> [Problem details]: Would you output all the lines below precisely as they stand, leaving each picture out?

> [Raw data]:
◇ ◇ ◇ ◇ ◇
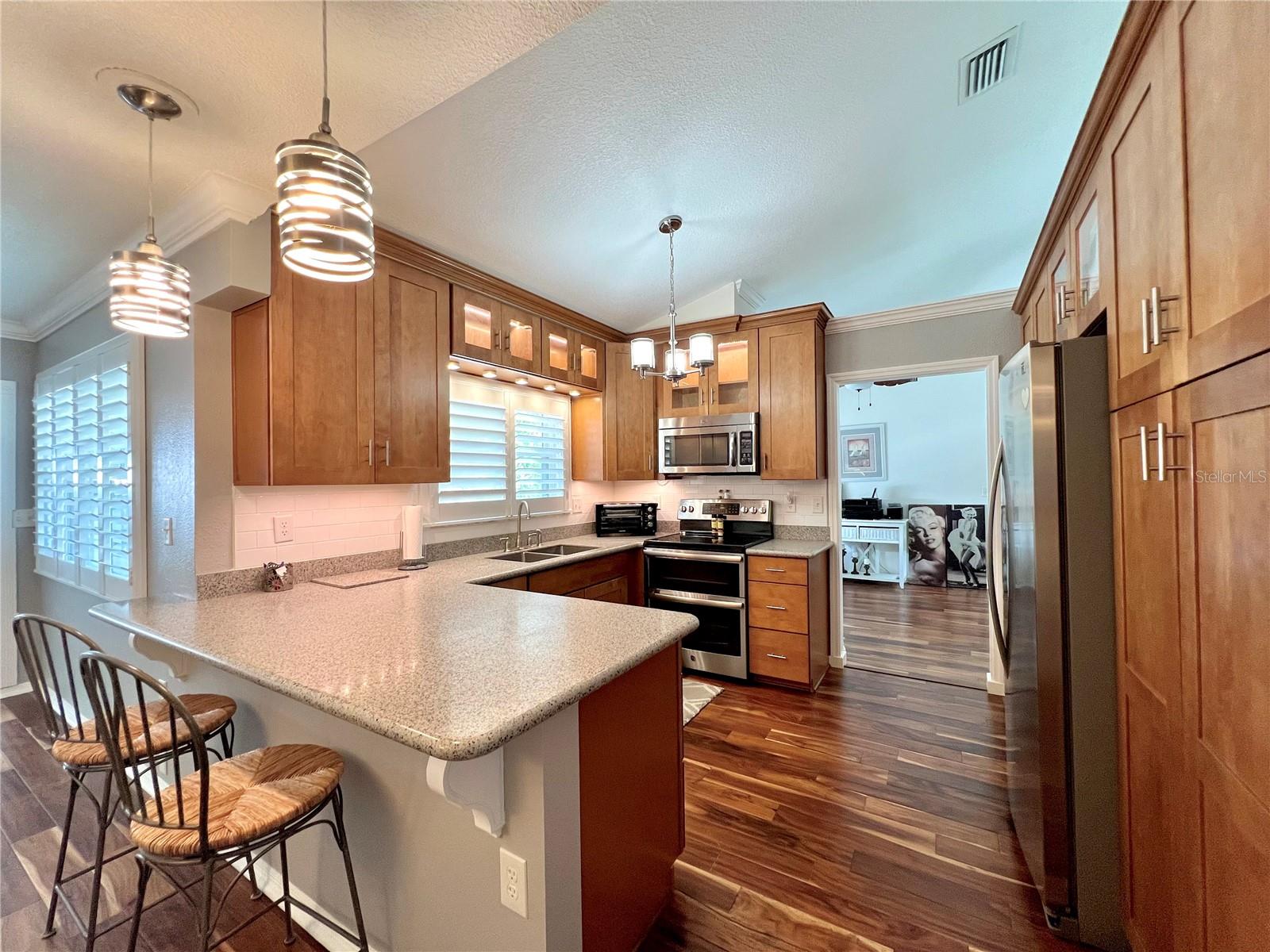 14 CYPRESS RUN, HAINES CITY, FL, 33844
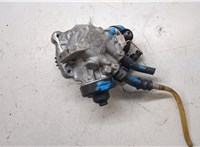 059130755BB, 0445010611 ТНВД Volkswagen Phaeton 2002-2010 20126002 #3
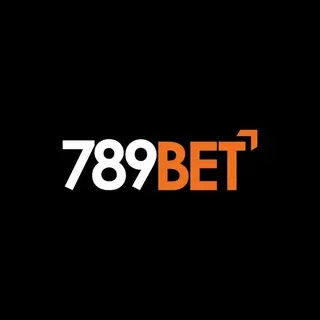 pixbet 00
◇ ◇ ◇ ◇ ◇
> [Expected answer]:
 14 CYPRESS RUN, HAINES CITY, FL, 33844
 059130755BB, 0445010611 ТНВД Volkswagen Phaeton 2002-2010 20126002 #3
 pixbet 00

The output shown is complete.